Data records:
------------------------------------------------------------------------

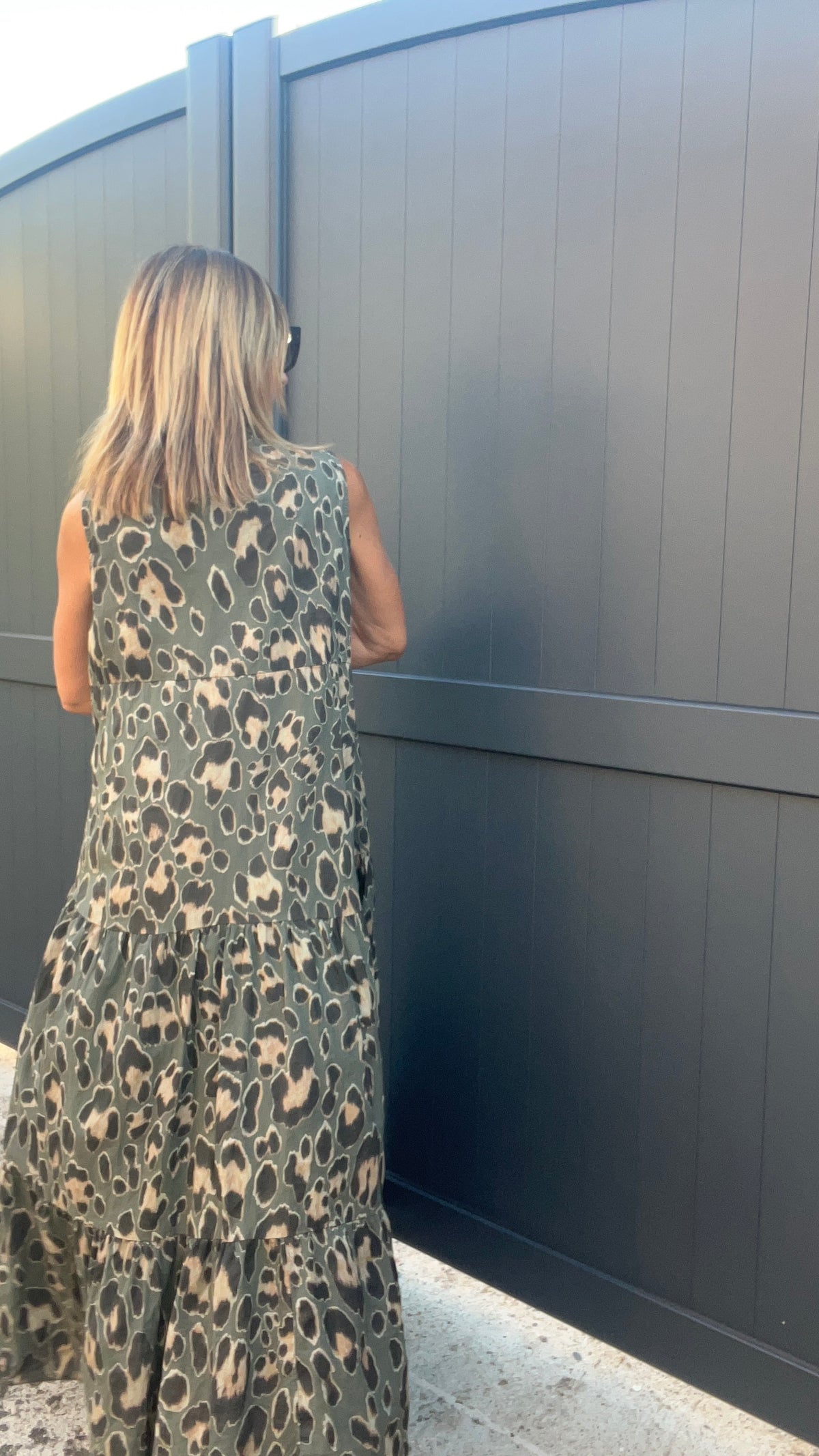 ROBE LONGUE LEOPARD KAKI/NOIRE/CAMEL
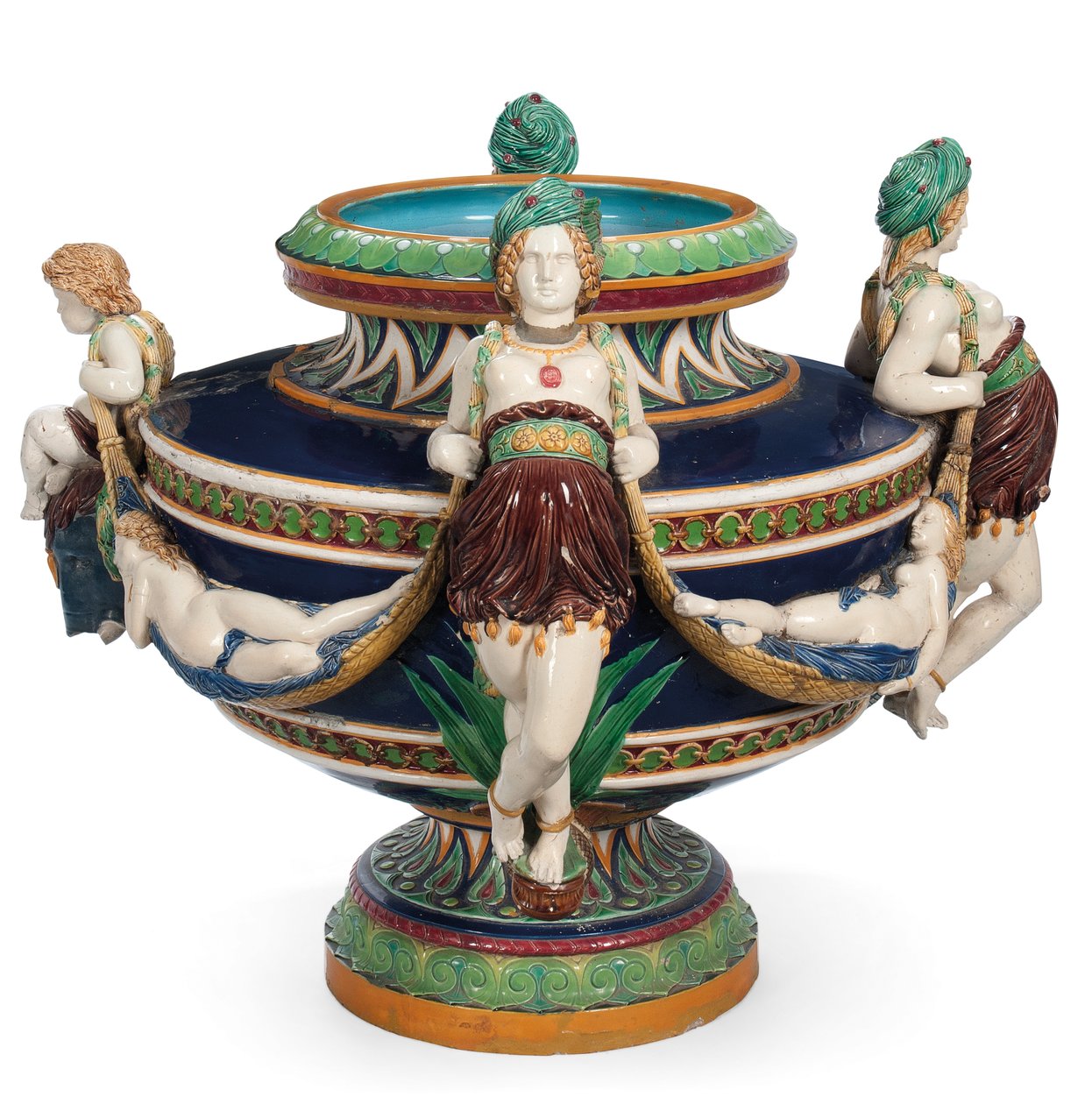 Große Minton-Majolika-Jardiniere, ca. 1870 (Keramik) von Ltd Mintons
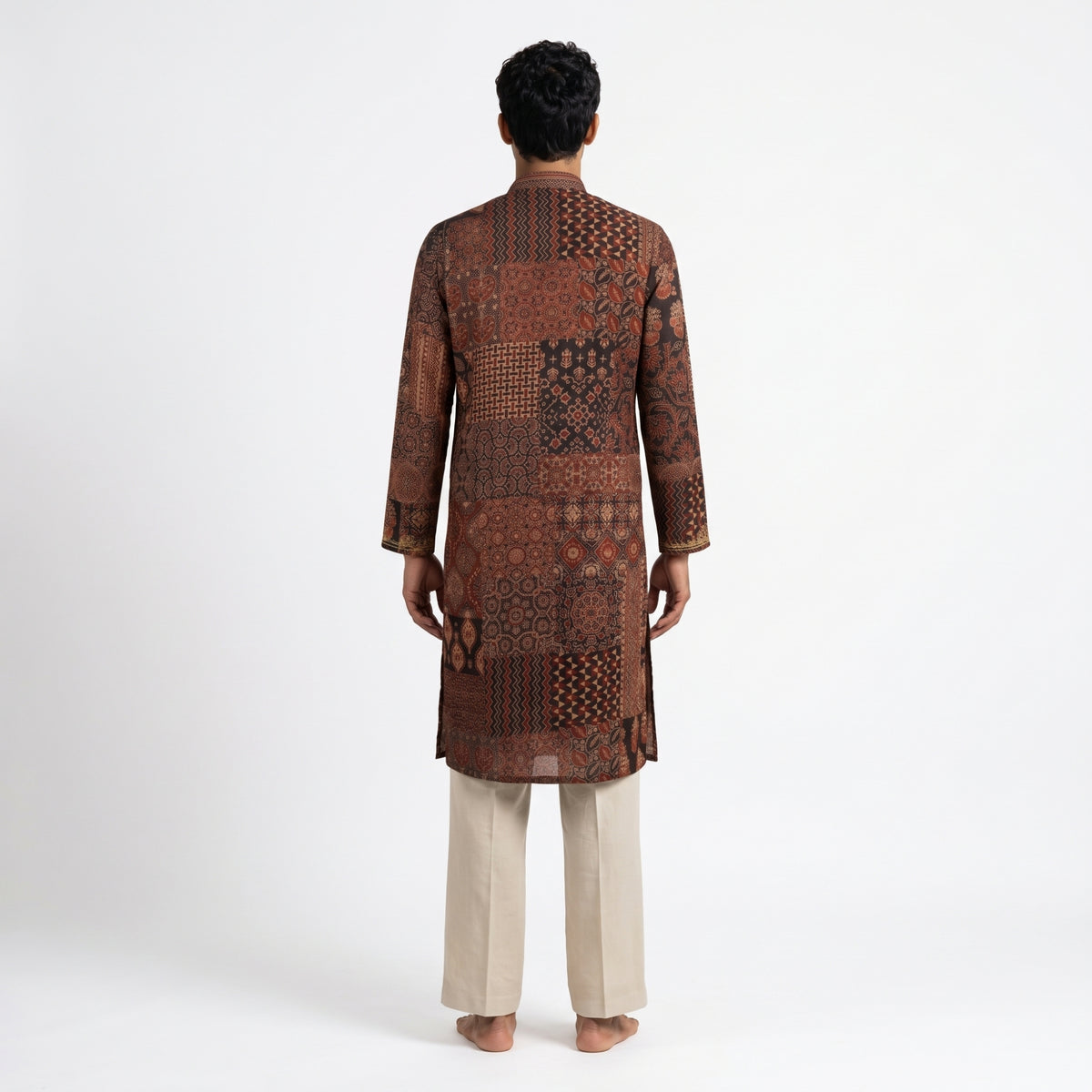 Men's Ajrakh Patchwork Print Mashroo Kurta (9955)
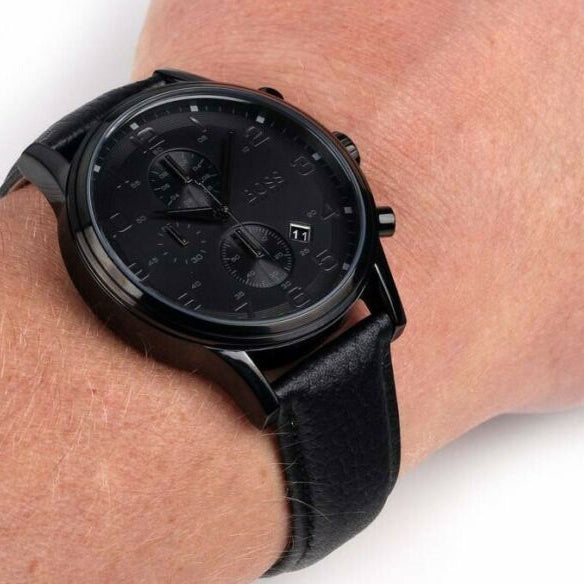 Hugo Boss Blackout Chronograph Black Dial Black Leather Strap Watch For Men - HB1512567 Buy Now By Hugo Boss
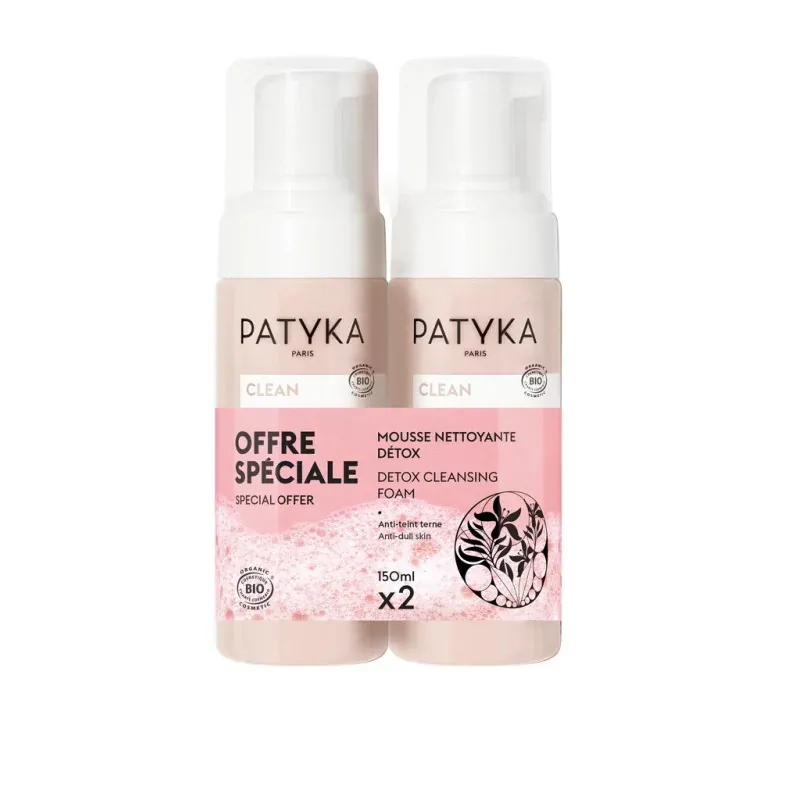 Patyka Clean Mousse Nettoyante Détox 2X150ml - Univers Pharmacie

------------------------------------------------------------------------

THE PROBLEM: Restate the records above verbatim. Pictures stay out.

ANSWER SPACE:
 ROBE LONGUE LEOPARD KAKI/NOIRE/CAMEL
 Große Minton-Majolika-Jardiniere, ca. 1870 (Keramik) von Ltd Mintons
 Men's Ajrakh Patchwork Print Mashroo Kurta (9955)
 Hugo Boss Blackout Chronograph Black Dial Black Leather Strap Watch For Men - HB1512567 Buy Now By Hugo Boss
 Patyka Clean Mousse Nettoyante Détox 2X150ml - Univers Pharmacie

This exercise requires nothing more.